→ Aim of the task
An exact transcription is needed, beginning at the line with "Western blot. All" and ending at the last line of the listing, with pictures left out and nothing else added.

→ Collected material
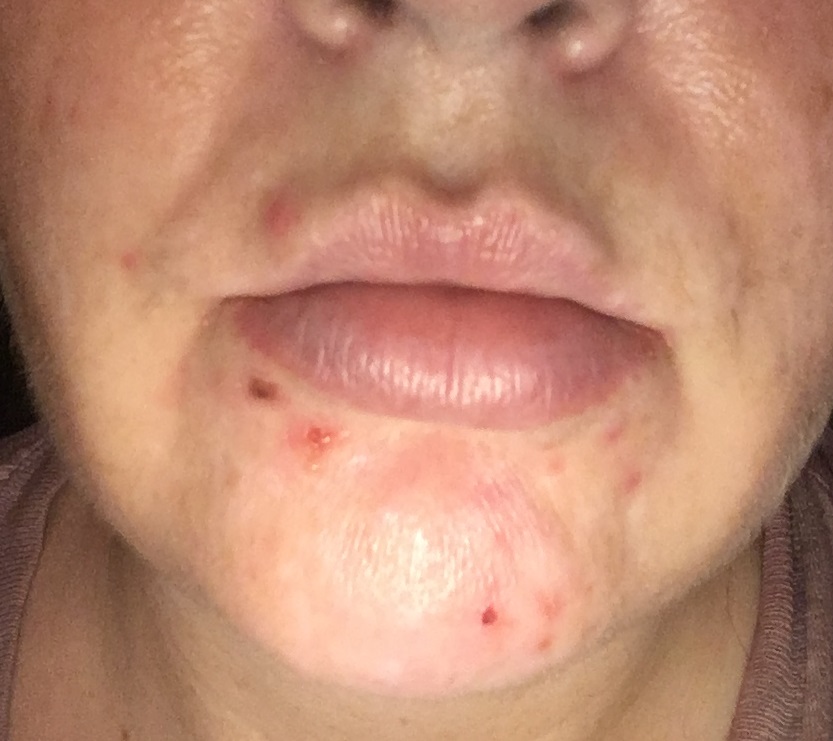 acnefree sensitive skin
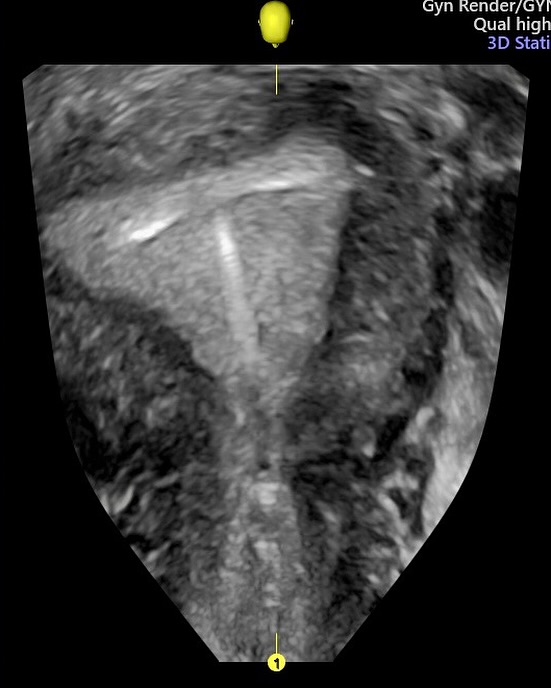Ultrassonografia 3D no diagnóstico ginecológico: um olhar mais profundo e preciso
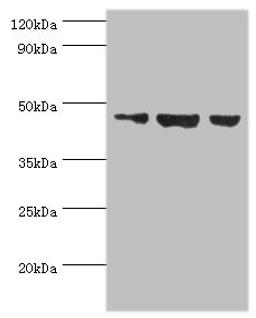 Western blot. All lanes: Actin-like protein 6B antibody at 3ug/ml. Lane 1: Hela whole cell lysate. Lane 2: U251 whole cell lysate. Lane 3: HepG2 whole cell lysate. Secondary. Goat polyclonal to rabbit IgG at 1/10000 dilution. Predicted band size: 47 kDa. Observed band size: 47 kDa. 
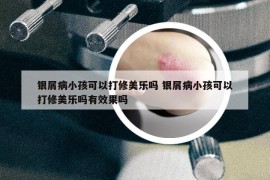 銀屑病小孩可以打修美樂嗎 銀屑病小孩可以打修美樂嗎有效果嗎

→ Output for this task
 Western blot. All lanes: Actin-like protein 6B antibody at 3ug/ml. Lane 1: Hela whole cell lysate. Lane 2: U251 whole cell lysate. Lane 3: HepG2 whole cell lysate. Secondary. Goat polyclonal to rabbit IgG at 1/10000 dilution. Predicted band size: 47 kDa. Observed band size: 47 kDa. 
 銀屑病小孩可以打修美樂嗎 銀屑病小孩可以打修美樂嗎有效果嗎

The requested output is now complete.